Zohran, kısa bir süre sonra tüm ABD ve dünyayı tanık kılacağı sahiciliğini öncelikle New Yorklu genç kadınlara göstermiş; birçok Amerikalı genç erkeğin aksine uygulamaya boyunu doğru girmiş, daha çok kişiden beğeni almak için kendisini daha uzun göstermemişti. 1,80 boyundaki Zohran Mamdani uygulamada büyük ihtimalle birçok kişiyle eşleşti, bazen ghostinge bazen de lovebombinge maruz kaldı, birçok kahve date’ine, belki de akşam yemeğine çıktı, fakat nihayetinde gönlünü Suriye asıllı sanatçı Rama Dujawi’ye kaptırdı.
Rama Dujawi de en az Zohran kadar yetenekli, en az Zohran kadar vizyonerdi. Özellikle Baas diktatörlüğü ve Esad zulmü, Ortadoğu’da yaşanan katliamlar, Gazze, Sudan ve Amerikalı Müslümanlar hakkında sosyal içerikli fakat sıkıcı olmayan, oldukça yaratıcı animasyonlar, çizimler kaleme alıyor, seramikler yapıyor; her bir eserine dünyaya dair özgün duruşu ve ideolojisini yansıtıyordu.

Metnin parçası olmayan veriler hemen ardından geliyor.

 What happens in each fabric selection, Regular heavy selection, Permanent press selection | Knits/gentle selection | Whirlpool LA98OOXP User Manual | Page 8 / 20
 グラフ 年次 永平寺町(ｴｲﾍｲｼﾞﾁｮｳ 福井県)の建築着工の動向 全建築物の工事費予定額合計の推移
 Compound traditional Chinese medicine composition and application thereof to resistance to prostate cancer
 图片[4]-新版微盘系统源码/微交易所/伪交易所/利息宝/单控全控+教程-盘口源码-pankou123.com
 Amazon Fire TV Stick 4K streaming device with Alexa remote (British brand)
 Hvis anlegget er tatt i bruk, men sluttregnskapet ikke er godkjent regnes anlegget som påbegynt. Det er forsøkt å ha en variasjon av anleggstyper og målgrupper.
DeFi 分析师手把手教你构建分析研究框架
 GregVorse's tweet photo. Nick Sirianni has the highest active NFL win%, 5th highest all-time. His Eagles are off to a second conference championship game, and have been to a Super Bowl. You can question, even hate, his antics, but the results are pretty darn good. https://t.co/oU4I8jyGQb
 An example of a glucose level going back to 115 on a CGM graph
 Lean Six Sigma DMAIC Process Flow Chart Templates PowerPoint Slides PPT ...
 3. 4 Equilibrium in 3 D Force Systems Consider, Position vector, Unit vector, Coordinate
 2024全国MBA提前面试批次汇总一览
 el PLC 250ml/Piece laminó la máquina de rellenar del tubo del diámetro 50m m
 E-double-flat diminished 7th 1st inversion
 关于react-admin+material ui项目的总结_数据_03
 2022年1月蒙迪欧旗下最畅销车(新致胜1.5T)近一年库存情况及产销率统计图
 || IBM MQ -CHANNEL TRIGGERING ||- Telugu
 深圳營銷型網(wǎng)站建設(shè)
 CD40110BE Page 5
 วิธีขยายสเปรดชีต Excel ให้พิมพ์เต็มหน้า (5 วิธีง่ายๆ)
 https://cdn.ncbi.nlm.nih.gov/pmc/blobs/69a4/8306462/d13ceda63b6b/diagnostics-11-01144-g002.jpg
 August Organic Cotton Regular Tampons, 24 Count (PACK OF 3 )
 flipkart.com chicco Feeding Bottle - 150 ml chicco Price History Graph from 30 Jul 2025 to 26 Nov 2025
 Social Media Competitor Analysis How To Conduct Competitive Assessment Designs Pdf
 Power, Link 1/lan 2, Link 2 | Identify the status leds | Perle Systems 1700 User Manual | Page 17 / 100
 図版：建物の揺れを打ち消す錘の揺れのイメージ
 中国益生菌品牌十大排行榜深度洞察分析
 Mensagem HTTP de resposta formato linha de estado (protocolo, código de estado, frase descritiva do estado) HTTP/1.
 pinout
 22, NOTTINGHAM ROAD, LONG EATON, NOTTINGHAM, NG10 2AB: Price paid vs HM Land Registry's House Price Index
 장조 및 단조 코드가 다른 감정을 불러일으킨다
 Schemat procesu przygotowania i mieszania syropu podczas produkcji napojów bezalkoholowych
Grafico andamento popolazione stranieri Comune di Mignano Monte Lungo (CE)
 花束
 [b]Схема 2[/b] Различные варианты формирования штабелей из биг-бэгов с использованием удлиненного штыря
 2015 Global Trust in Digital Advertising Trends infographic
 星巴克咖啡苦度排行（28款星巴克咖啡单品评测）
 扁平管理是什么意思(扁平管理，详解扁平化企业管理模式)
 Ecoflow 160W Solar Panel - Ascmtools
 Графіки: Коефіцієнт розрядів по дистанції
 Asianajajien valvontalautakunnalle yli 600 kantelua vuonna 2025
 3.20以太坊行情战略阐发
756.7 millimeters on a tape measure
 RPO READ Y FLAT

Rama da Zohran gibi dünyaya soldan bakan bir Amerikalı Müslüman. Büyük ihtimalle Hinge’de eşleşip ilk çıktıkları date’de Ortadoğu’dan, Edward Said’den, oryantalizmden bahsetmişler; Zohran yaptığı konuşmaları, katıldığı eylemleri, Rama da çizdiği eserleri göstermiş, iki isim de aynı hikayenin, aynı kavganın başka bir ucundan tutmalarını fark edip şaşırmıştı.
Zohran’ın önceki paylaşımlarından anlaşılacağı üzere Suriye konusunda olduğu gibi her konuda aynı sayfada değillerdi; fakat benzer dertleri taşıyor, en önemlisi ürettikleri şeylere ne olursa olsun bu dertleri ve kavgayı yansıtıyorlardı. Zohran siyaseti makam için değil Gazze, dezavantajlı gruplar, azınlıklar, göçmenler için yapıyor; küçüklüğünden beri hayatının her aşamasını şekillendiren kavgasını konuşmalarına, eylemlerine, siyasi söylemlerinin her bir zerresine yediriyor; Rama da Suriye’den ABD’ye uzanan tüm aile geçmişini ve hafızasını kalemi ve çizimleriyle işliyordu. Fakat en önemlisi genç çift, birbirlerinin özgünlüklerine, farklılıklarına saygı gösteriyor, birbirlerinin ortaya koydukları ürünlere ilgi duyuyor, birbirilerini geliştiriyor ve sadece duygusal olarak değil, fikri olarak da bir birliktelik yaşıyordu. Zohran, Rama’nın tüm yaratıcılık süreçlerine tanıklık ediyor, yorum yapıyor, destek oluyor; Rama ise arka planda Zohran’ın bütün belediye başkan adaylığı kampanyasını şekillendiriyor, kendi sanatçı arkadaşları ve yaratıcı zihniyle posterlerine, renk seçimlerine yorum yapıyor; Zohran’ın kampanyasının şekillendiği dar ve samimi mutfak masasının en aktif üyesine dönüşüyordu. İlişkileri kısa bir sürede duygusal bir üretkenlik de kazanıyordu.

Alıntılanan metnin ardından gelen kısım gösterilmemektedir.